Reduced-genome Escherichia coli strains lacking up to 38.9% of the parental chromosome have been constructed by combining large-scale chromosome deletion mutations. Functionally redundant genes involved in essential processes can be systematically identified using these reduced-genome strains. One large-scale chromosome deletion mutation could be introduced into the wild-type strain but not into the largest reduced-genome strain, suggesting a synthetic lethal interaction between genes removed by the deletion and those already absent in the reduced-genome strain. Thus, introduction of the deletion mutation into a series of reduced-genome mutants could allow the identification of other chromosome deletion mutations responsible for the synthetic lethal phenotype.

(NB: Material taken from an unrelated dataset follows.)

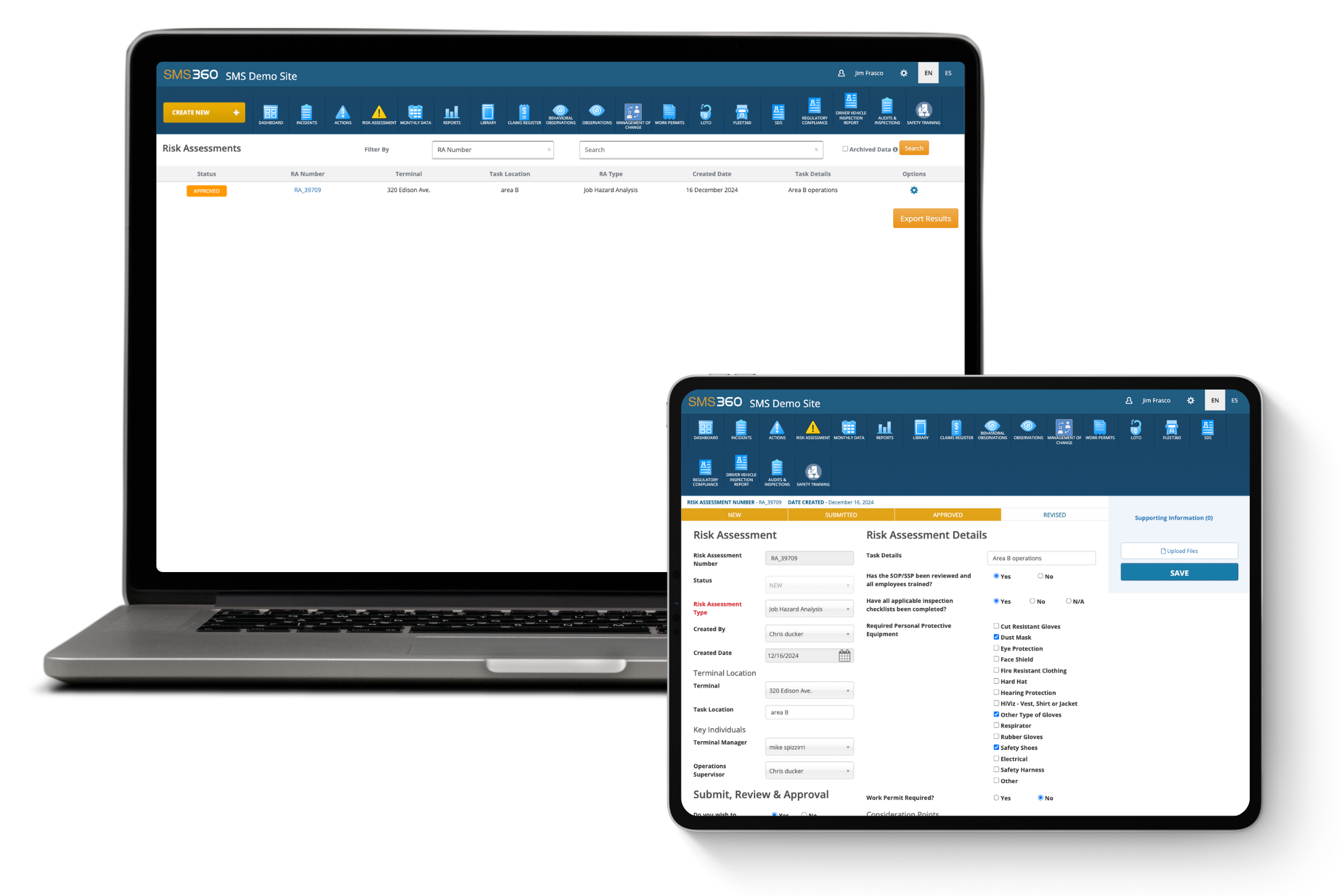 Laptop and tablet showing SMS360 demo site with risk assessment data and details for job hazard analysis.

We identified a synthetic lethality caused by disruption of nfo and xthA, two genes encoding apurinic/apyrimidinic (AP) endonucleases involved in the DNA base excision repair pathway, and two other large-scale chromosome deletions. We constructed temperature-sensitive mutants harboring quadruple-deletion mutations in the affected genes/chromosome regions. Using these mutants, we identified two multi-copy suppressors: holC, encoding the chi subunit of DNA polymerase III, and yoaA, encoding a putative DNA helicase. Addition of the yoaA disruption increased the methyl methanesulfonate (MMS) sensitivity of xthA single-deletion or xthA nfo double-deletion mutants. This increased MMS sensitivity was not suppressed by the presence of multi-copy holC. These results indicate that yoaA is involved in MMS sensitivity and suggest that YoaA functions together with HolC.